As Nvidia’s graphics chips are enlisted to handle computational tasks in supercomputers, the chip maker is finding there is a new class of machines emerging: the personal supercomputer.

Scientists have been using workstations for years to make calculations or share a slice of a multimillion-dollar supercomputer. But Nvidia says that the era of personal supercomputing has arrived for scientists who need to conduct experiments on their own in a timely manner. By adding graphics processors to machines that have only had microprocessors in the past, scientists can speed up their calculations; 3-D ultrasounds can be done 20 times faster, while financial simulations can be done 149 times faster. In computational chemistry, one task that took 4.6 days can now be done in 27 minutes.

Vivoli said that the company was finding that scientists were cobbling together their own supercomputers in their offices to supplement their access to supercomputing resources (see picture below).  Nvidia’s newest Tesla graphics processing units (GPUs) are aimed both at this emerging market and at the supercomputing clusters that use hundreds of machines. Scientists may find the new personal supercomputers with the Nvidia Tesla S1070 chips appealing because they won’t have to wait for their share of a big supercomputer’s computing resource.

The new products are expected to find a welcome reception because graphics chips can be far more efficient at certain kinds of processing. To date, most supercomputers consist of collections of central processing units (CPUs) such as those made by Intel and Advanced Micro Devices. But with the launch of its CUDA programming language, Nvidia has made it possible to run general-purpose programs on GPUs. Since GPUs process in a highly parallel fashion, while CPUs work serially, different kinds of tasks can be done more quickly on GPUs. That has opened up new opportunities for graphics chip makers.

Dan Vivoli, senior vice president of marketing at Santa Clara, Calif.-based Nvidia, said that these new personal supercomputers have the computing power of a small cluster at 1/100th the price. And they come in a smaller form the size of a standard desktop workstation.

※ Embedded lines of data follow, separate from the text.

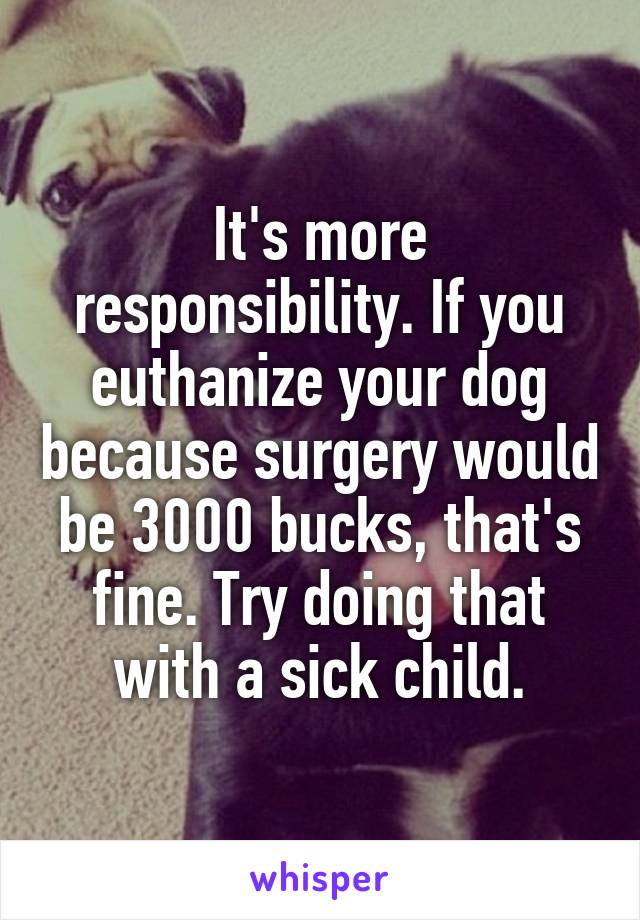 It's more responsibility. If you euthanize your dog because surgery would be 3000 bucks, that's fine. Try doing that with a sick child.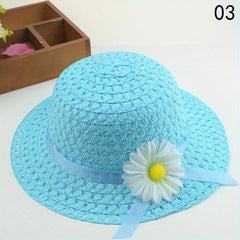 Girls Floral Straw Sun Hat Lightweight Sunscreen Breathable Cap for Kids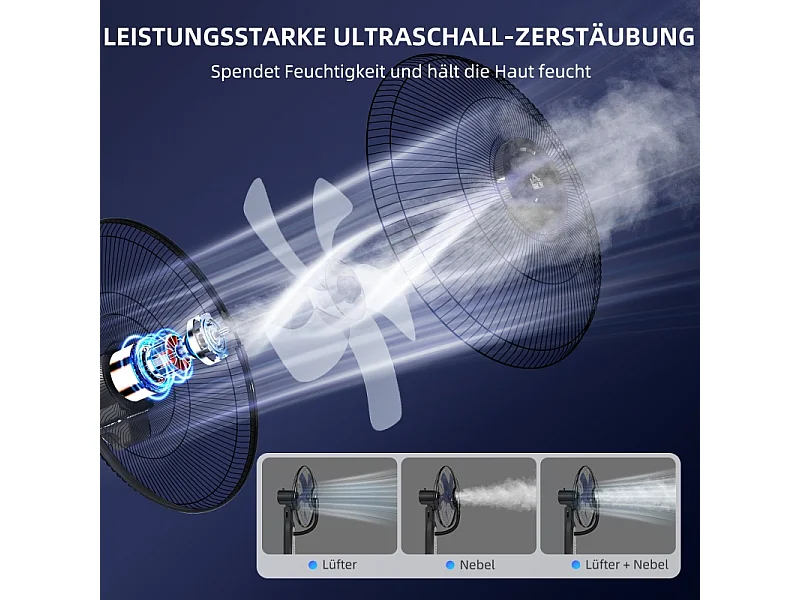 Ventilateur sur pied avec refroidissement à eau, brumisateur ajustable, 3 vitesses, réservoir de 3 L, oscillation 75°, noir (50x40x125cm)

These machines have 250 times the processing power of a conventional workstation.

Intel, of course, may not like this idea, as it means a supercomputer will have fewer CPUs and more GPUs. But the architecture has the support of Burton Smith, a technical fellow at Microsoft. The combination of CPUs and GPUs is what makes such a breakthrough possible, he said. The personal supercomputers also got an endorsement from Jack Dongarra, director of the Innovative Computing Laboratory at the University of Tennessee.

A number of universities are already using personal supercomputers equipped with GPUs, including MIT, the Max Planck Institute, University of Illinois at Urbana-Champaign, Cambridge University, and others. AMD has its own offerings in this space, including a board launched last week. Nvidia, for its part, uses the new Tesla C1070 GPU processor. There are 28 supercomputer/workstation makers using the Nvidia GPU, including Dell, Lenovo, and Asus, and Nvidia estimates there are 15 million scientists and students who could use the personal supercomputers.

The chip is also being used in high-end supercomputer clusters. One of the first GPU-based supercomputers to break into the world’s top 500 most-powerful supercomputers is a Tesla-powered machine from the Tokyo Institute of Technology. The institute’s Tsubame supercomputer will use more than 170 Tesla S1070 chips.